Fanni Wrochna incarne Désirée, l’assistante de Duse. Actrice hongroise, Wrochna est surtout connue pour ses rôles dans L’Espion qui valait un milliard de dollars, Le Chien des Baskerville (2024) et Jack Ryan (2018), ainsi que dans une trentaine d’autres films et séries. La complicité à l’écran entre elle et Bruni Tedeschi est remarquable. Une interprétation nuancée, tantôt froide, tantôt déterminée, tantôt tendre. Une silhouette et un physique qui, à l’instar de Duse, oscillent avec aisance entre sphère privée et sphère publique.

Noémie Merlant incarne Enrichetta Marchetti, la fille de Duse. On sait que Noémie Merlant fut l’une des actrices, metteuses en scène et chanteuses françaises les plus en vue des années 2000. Le rôle de la fille est quelque peu délicat, car elle entretient une relation difficile avec sa mère, qui souffre d’une vie entière de séparation par pur dévouement à l’art. Une prestation professionnelle, d’une diction sophistiquée, digne des plus belles années.

Fausto Russo Alesi interprète Gabriele D’Annunzio. Un rôle très exigeant, mais nous avons affaire à une actrice de premier plan des années 2000, forte d’une brillante carrière théâtrale. À l’instar de D’Annunzio, elle se montre très théâtrale et, dans sa scène finale, peu conventionnelle, mais elle parvient à transmettre toute la puissance du poète.

Edoardo Sorgente, alias Giacomo Rossetti Dubois, est un scénariste émergent. Moins connu que d’autres, il s’est déjà fait un nom grâce à des films comme Martin Eden (2019), 5 Is the Perfect Number (2019) et Gomorra : La Série (2014). Son approche et son conflit avec le divin sont brillants.

La distribution comprend également des acteurs de la Compagnie de Duse, tels que Vincenzo Nemolato (Memo Benassi), Gaja Masciale (Cecilia Rinaldi), Vincenza Modica (Matilde Serao) et Mimmo Borrelli (Ermete Zacconi).
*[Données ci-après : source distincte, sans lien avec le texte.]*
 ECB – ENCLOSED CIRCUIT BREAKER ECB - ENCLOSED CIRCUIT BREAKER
Tous, par leurs interprétations magistrales, forment un ensemble remarquable. Enfin, la cerise sur le gâteau : Vincenzo Pirrotta dans le rôle de Benito Mussolini et Noémie Lvovsky dans celui de Sarah Bernhardt. Comment oublier Giordano Bruno Guerri, l’historien et essayiste italien, qui campe avec charme et son élégance coutumière le rôle du valet de D’Annunzio.
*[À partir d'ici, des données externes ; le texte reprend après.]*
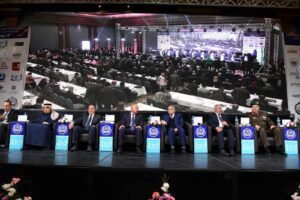 خلال مؤتمر مارلوج , أسامة ربيع يستعرض جهود ومبادرات قناة السويس للنهوض بصناعة النقل البحري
(cr ph website Ursula Patzak)

Création de costumes

Ursula Patzak est la créatrice des costumes d’un film dont l’habillage n’est certainement pas chose aisée. Mais Ursula, d’origine allemande et ayant fait des études italiennes, a déjà eu l’occasion d’explorer différents genres au cours de sa carrière. Le raffinement, les drapés et les broderies sont les aspects les plus marquants des costumes du film, non pas tant pour l’héroïne, toujours vêtue avec nonchalance, mais surtout pour l’ensemble des acteurs, impeccablement habillés.


Musique

Pour la bande originale, le réalisateur a opté pour un mélange de compositions originales et de morceaux connus. On y retrouve notamment l’influence musicale de Malipiero, natif de Venise et compositeur très théâtral, notamment pour ces acteurs, ainsi que celle du Rondò Veneziano, que le réalisateur affectionne depuis son enfance.

Photographie

Marco Graziaplena, fort de plus de 40 œuvres à son actif, dont Mission : Impossible III et Colombiana, retranscrit avec brio le théâtre, les personnages et leurs décors. Absolument captivante, sa photographie évoque peut-être un peu le Don Giovanni de Losey ou le Senso de Visconti. Voire, plus audacieusement, l’écriture visuelle du Parsifal à Venise de Sinopoli.

Fiche Technique

Directeur de casting Davide ZUROLO
Montage Fabrizio FEDERICO, Cristiano TRAVAGLIOLI
Collaboration au montage Luca CARRERA, Alessio FRANCO
Directeur de la photographie Marco GRAZIAPLENA
Cadreur Michel FRANCO
Musique Marco MESSINA, Sacha RICCI, Fabrizio ELVETICO
Scénographie Gaspare De PASCALI
Directeur artistique Matta LORUSSO
Accessoiriste Carlotta DESMANN
Costume Ursula PATZAK
Maquillage Maurizio FAZZINI
Coiffure Samankta GIORGIA MURA
Ingénieur du son Denny De ANGELIS

Directeur de production Federico GERA
Régie Ciro SCOGNAMIGLIO

Scripte Benedetta LEPRI
Superviseur VFX Arianna CAPRA
Assemblage Frederico CABULA, Alessandro FELETTI
Effets sonores STUDIO 16
Coloriste Nazzareno NERI

Producteurs délégués (PALOMAR) Marco CAMILLI, Margherita CHITI, Luigi PINTO
Productrice déléguée (AVVENTUROSA) Mara SALANDI
Producteur exécutif Francesco BELTRAME
Une production PALOMAR (MEDIAWAN), AVVENTUROSA, avec RAI CINEMA et PIPERFILM
En coproduction avec AD VITAM FILMS
En collaboration avec BERTA FILM
Produit par Carlo DEGLI ESPOSTI, Nicola SERRA, Marco GRIFONI (PALOMAR)
et Benedetta CAPPON (AVVENTUROSA)

(cr ph ADVITAM distribution, Photo ©Erika Kuenka)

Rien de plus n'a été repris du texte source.